We had been led to believe that the malware was something already seen but this seems to confirm that it was BlackPOS and not some other memory scraper.
“Somehow, the attackers were able to upload the malicious POS software to store point-of-sale machines, and then set up a control server within Target’s internal network that served as a central repository for data hoovered by all of the infected point-of-sale devices.”
That somehow is likely Microsoft System Center. Given the number of POS systems that we believe are involved, I would assume that the attackers somehow were able to get their malware into Microsoft System Center and have it then “officially” distributed to the POS systems.
The other thing of note is that there was a control server that was commandeered to collect all of the information being gathered. I would assume that server would have already been involved in a heavy transaction traffic situation so to mask the additional traffic created by the malware. So the server used was probably already been used for FTP as that is the protocol BlackPOS uses.
But this also gives us a clue as to the timeline of the compromise. The earliest that the attackers could have gotten in is the end of June 2013. That is based on the fact that that is when BlackPOS first showed up as available for use.
““The bad guys were logging in remotely to that [control server], and apparently had persistent access to it,” a source close to the investigation told KrebsOnSecurity. “They basically had to keep going in and manually collecting the dumps.””
This quote just made my jaw drop but makes sense if you want to surreptitiously get information out of a heavily monitored environment. Again, I would assume that the attackers chose their remote access point and the central server based on existing traffic volume so that their activities would be masked by the high volume of legitimate traffic.
In regards to why anti-virus and anti-malware utilities did not detect the malware.
““They were customized to avoid detection and for use in specific environments,” the source said.”

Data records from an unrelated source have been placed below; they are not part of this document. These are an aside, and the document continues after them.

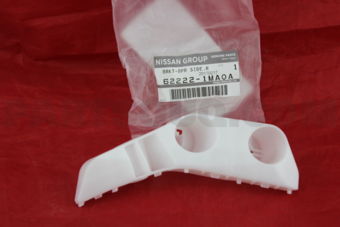 622221MA0A BRACKET-FRONT BUMPER SIDE,RH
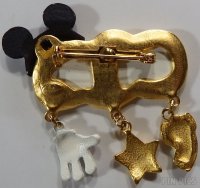 I Love 'Heart' Mickey Dangle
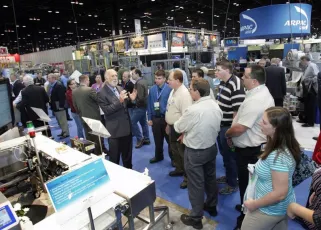 2026美国包装机械展参展攻略（时间地点+门票多少钱？）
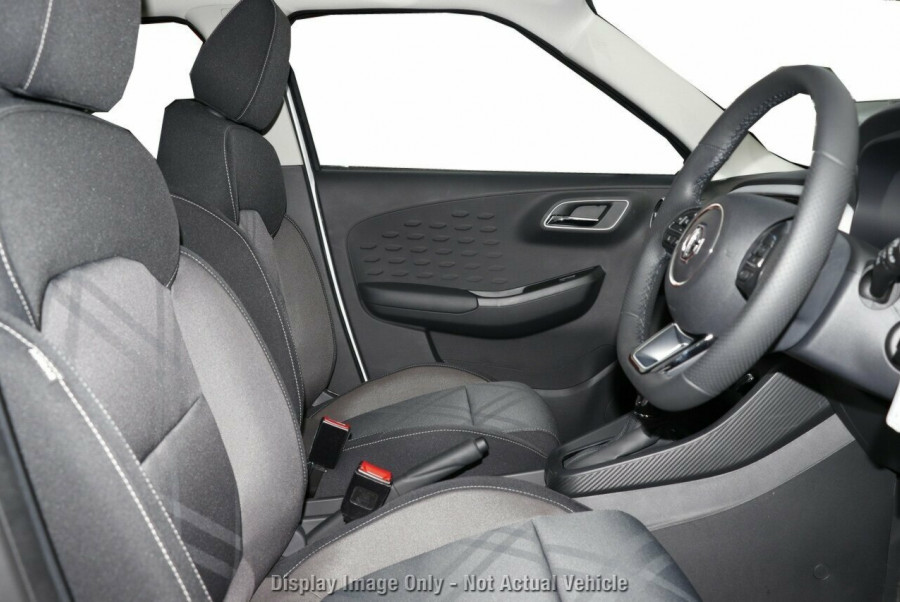 2020 MY21 MG MG3 SZP1 Core Hatchback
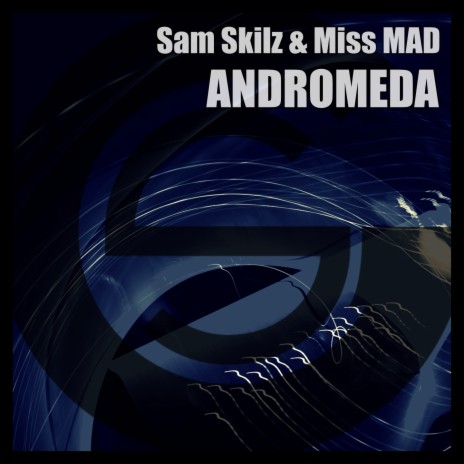 Andromeda ft. Miss MAD cover art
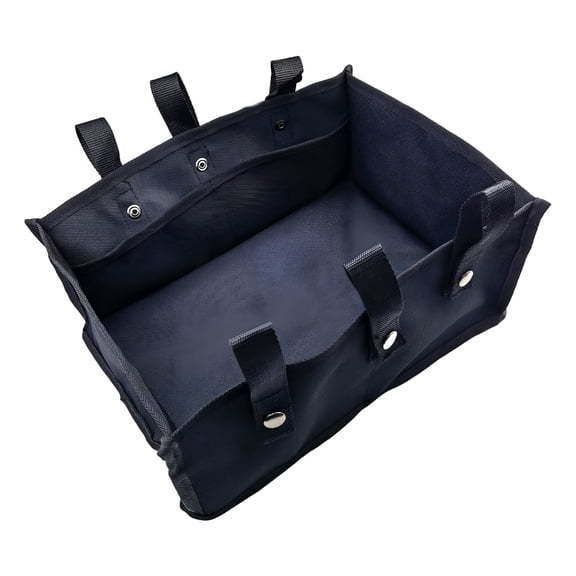 GASTROPOD Wheelchair Underseat Storage Bag Basket Reusable Pocket for Outdoor Seniors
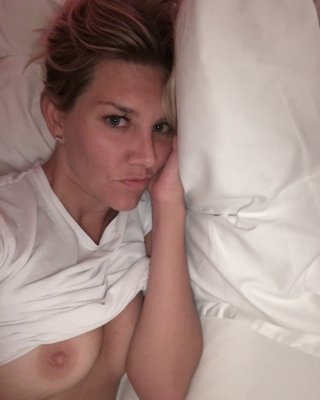 carolyn clover recommends Charissa Thompson Leaked Sex Tape
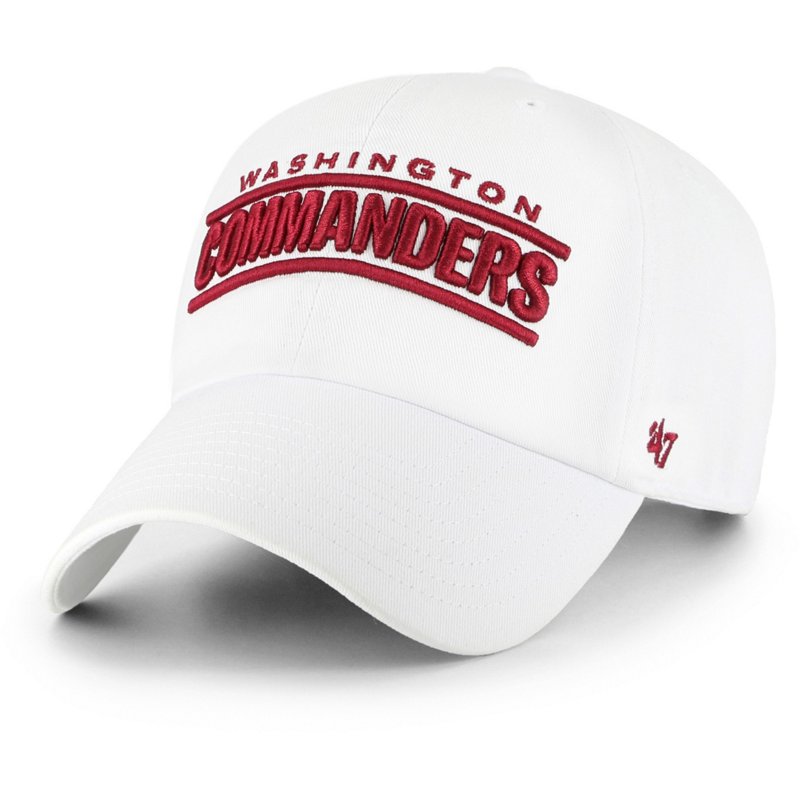 47 Washington Comma… - image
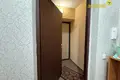 Mieszkanie 1 pokój 35 m² Dzierżyńsk, Białoruś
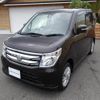 suzuki wagon-r 2015 CFJ1627829 image 7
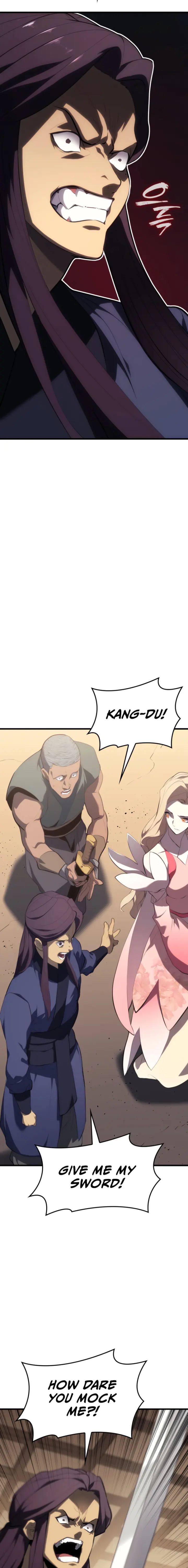 Read Reaper of the Drifting Moon Manga Online
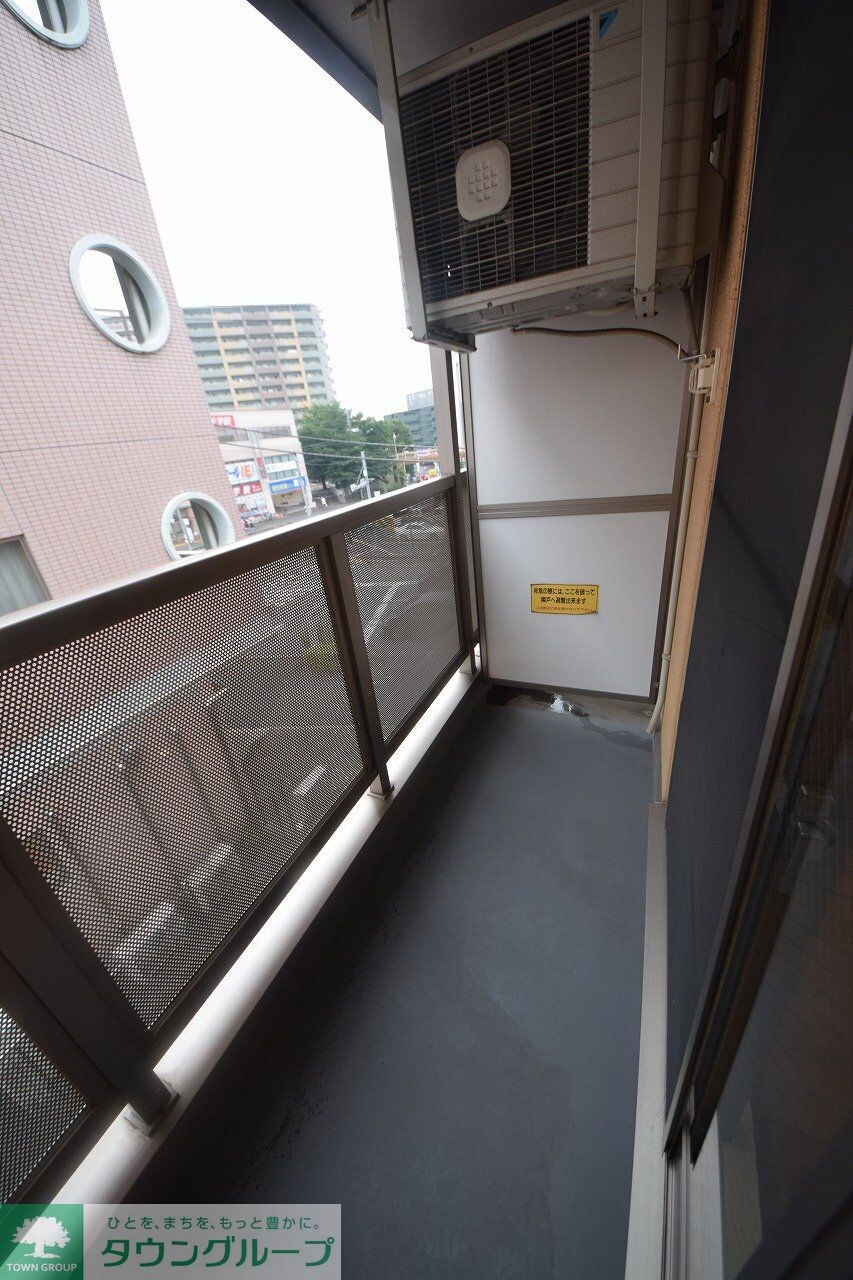 パサ・デ・ヒロの物件内観写真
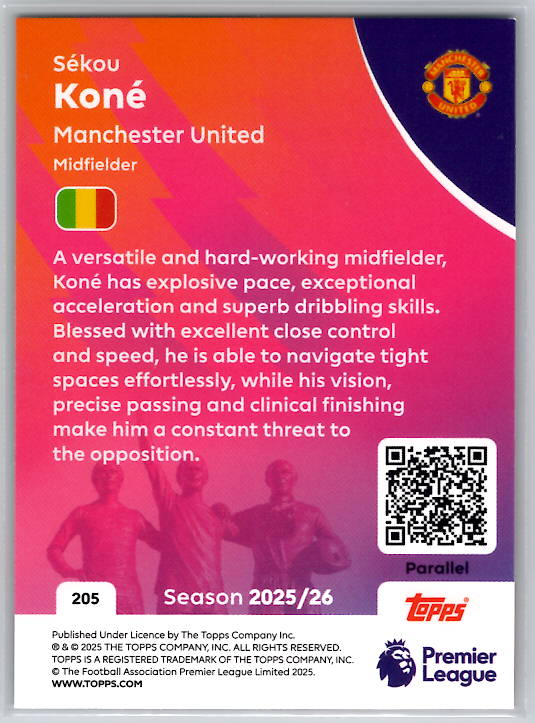 Sékou Koné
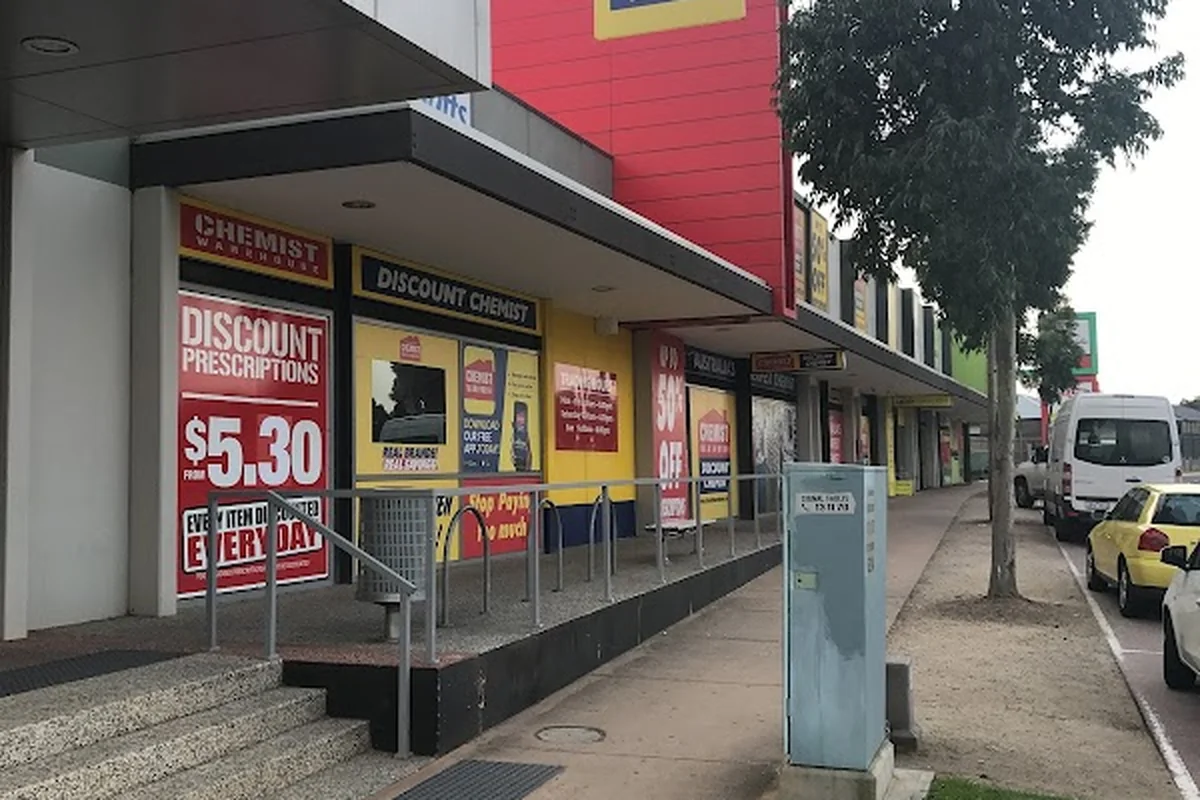 Chemist Warehouse Point Cook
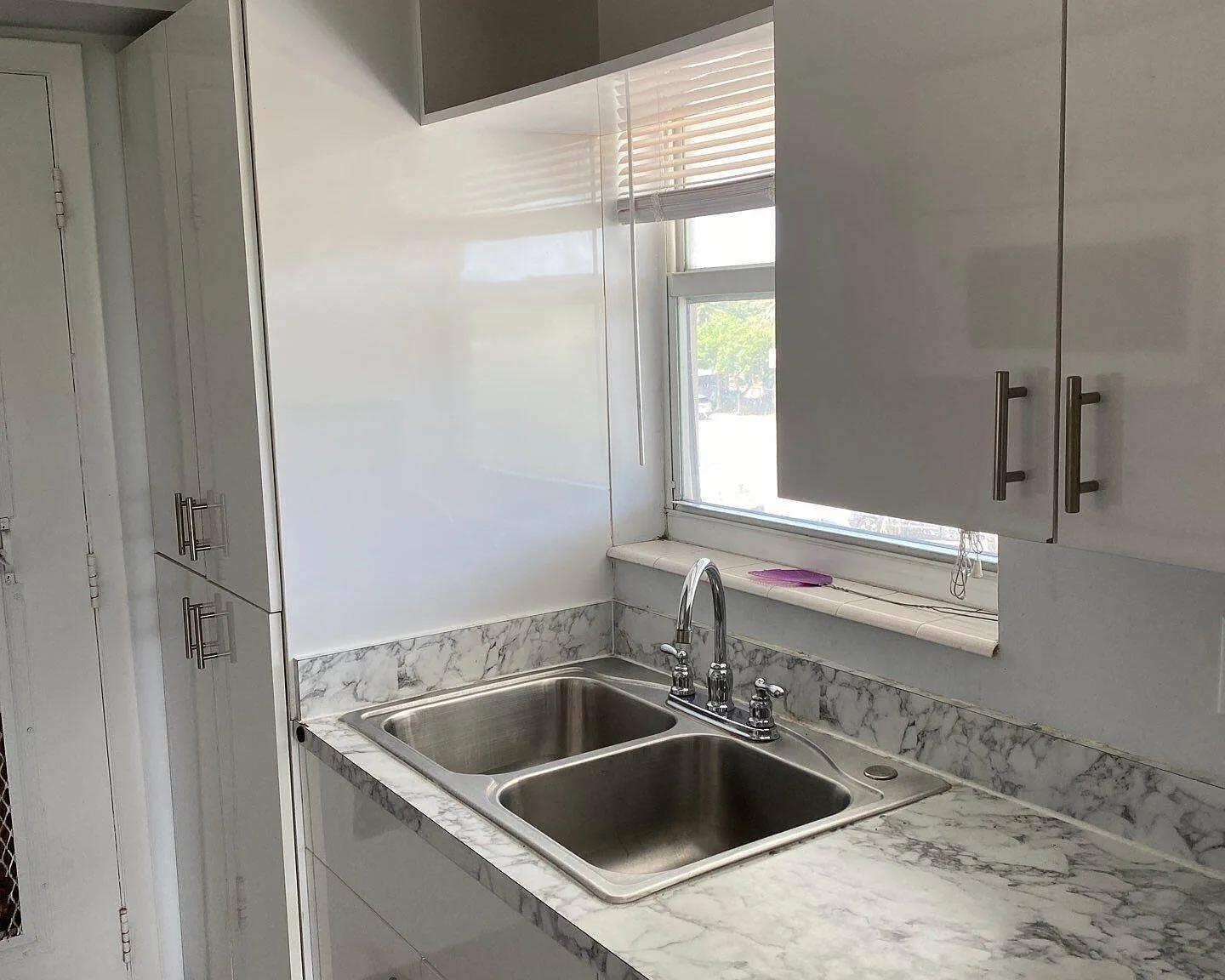 1 bed, 1.0 bath, 640 sqft, $1,550 — Photo 1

So those of you heavily relying on your anti-virus and anti-malware to detect these sorts of attacks, you should rethink that strategy.
So exactly how did the attackers get in?
“But according to sources, the attackers broke in to Target after compromising a company Web server.”
This is probably why the personal information of customers was obtained. In all likelihood, the PII was the first useful information the attackers encountered as they got into Target’s network. And since they had no idea how far they could get, they likely downloaded that PII so they at least had something to sell for their efforts.
I am going to leave things here as I ruminate on what all of this means. There is a lot of other pieces that come to mind and I need time to put all of it together before I comment further.
I am behind in my updates here for a variety of reasons. However, it appears that Target has a high likelihood that Target was PCI compliant when the breach started and even, possibly, as it gained access to sensitive authentication data (SAD).
As we have come to expect, Brian Krebs continues to give excellent updates on the Target breach. But my hometown paper, the StarTribune, has also been doing a decent job on covering the breach as well. On Thursday, January 30, the StarTribune following up with BMC Software on Brian Krebs’ claims, got BMC to admit that they are working with McAfee. Later in the day, BMC Software issued an update clarifying Brian Krebs’ report.
The bottom line in the flurry of activity late last week was that a vendor’s software was used to obfuscate the attackers. The troubling part of all of this is that the software in question is used by a multitude of retailers which could lead to further announcements of breaches as those retailers examine their implementations of BMC Software.